Supplied information »
########

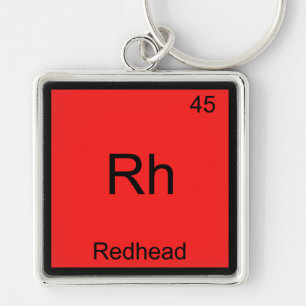 Rh - Rödhårig Funny Chemistry Inslag Symbol Tee Fyrkantig Silverfärgad Nyckelring
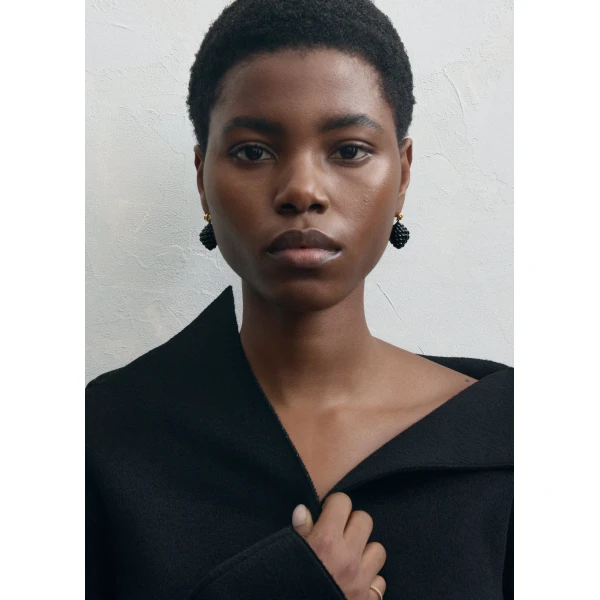 Rope drop earrings in Black / Gold - Image 2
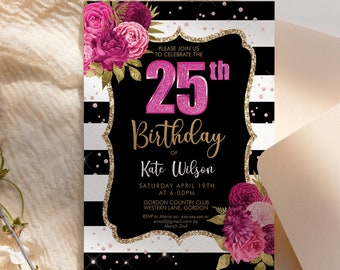 Blumen Geburtstagseinladung: Pink, Gold Glitter, schwarze Streifen (Printable Vorlage)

########

To do »
The result should be the full listing, retyped exactly and free of pictures.

Result below »
 Rh - Rödhårig Funny Chemistry Inslag Symbol Tee Fyrkantig Silverfärgad Nyckelring
 Rope drop earrings in Black / Gold - Image 2
 Blumen Geburtstagseinladung: Pink, Gold Glitter, schwarze Streifen (Printable Vorlage)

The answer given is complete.